Causes of magnet corrosion
By their very nature, every permanent magnet contains some form of iron. Iron displays the most dramatic ferromagnetic properties of all elements, which is why it is found in the most powerful magnets. However, iron is highly reactive with water and then causes magnets with high iron content very susceptible to corrosion. Other ferromagnetic elements used in different types of permanent magnets include nickel, cobalt, gadolinium, and dysprosium, all of which have an impact on both magnetic strength and corrosion resistance.
The corrosion resistance of different types of magnets
The strongest permanent magnets available are Neodymium magnets, but due to their high iron content (64-68%), they are also highly susceptible to corrosion in damp environments. Modern manufacturing techniques have seen traces of other rare earth elements, such as dysprosium added to the NdFeB alloy to improve resistance to corrosion as well as other magnetic properties. Because of their susceptibility to corrosion, Neodymium magnets are almost always coated before use. A very common coating used for permanent magnets is a triple layer of nickel-copper-nickel, however, there are still many other suitable options including but not limited to gold, silver, zinc, tin, epoxy, Teflon, and various paints and lacquers.
Alnico and Ferrite magnets are both known for their resistance to corrosion, although they don’t provide the same level of magnetic performance as rare earth Samarium Cobalt and Neodymium magnets.

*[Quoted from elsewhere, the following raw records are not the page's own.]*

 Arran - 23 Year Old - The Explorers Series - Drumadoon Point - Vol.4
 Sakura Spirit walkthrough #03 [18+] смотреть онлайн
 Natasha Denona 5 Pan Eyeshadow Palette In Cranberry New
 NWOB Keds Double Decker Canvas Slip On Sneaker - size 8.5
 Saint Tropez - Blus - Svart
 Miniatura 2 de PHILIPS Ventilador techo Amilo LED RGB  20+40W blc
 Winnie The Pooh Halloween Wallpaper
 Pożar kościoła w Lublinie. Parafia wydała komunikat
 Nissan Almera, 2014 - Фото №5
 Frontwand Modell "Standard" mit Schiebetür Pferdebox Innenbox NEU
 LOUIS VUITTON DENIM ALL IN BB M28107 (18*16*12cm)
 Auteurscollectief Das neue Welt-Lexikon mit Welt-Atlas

Some grades of Alnico magnets do contain traces of iron and therefore will display some light surface corrosion over time if exposed to water. However, if exposed to other lubricants such as oil, solvents, or alcohol, Alnico performs very, very well. Sometimes, Alnico magnets have been coated in red paint; it is not clear how or why this custom started but it is one still followed today with most Alnico magnets instantly recognizable by their trademark red finish. Ferrite magnets, also known as Ceramic magnets, are made from iron oxide, and as a result, they simply do not corrode even when submerged in water. Because of their unrivaled resistance to corrosion, Ferrite magnets are very rarely coated, but as Ferrite is a dusty material some applications will require some surface treatment to avoid the dust spreading.
Samarium Cobalt magnets, which like Neodymium magnets are part of the rare earth family, are much more resistant to corrosion even when uncoated. This is because much of the iron used in Neodymium magnets are replaced with cobalt, which does not react to water. You will still find many Samarium Cobalt magnets coated as standard but this is essentially for aesthetic purposes or for application-specific reasons such as adhesion or sterility. Samarium Cobalt magnets are widely used in marine and offshore applications when they have to cope with being constantly exposed to saltwater air.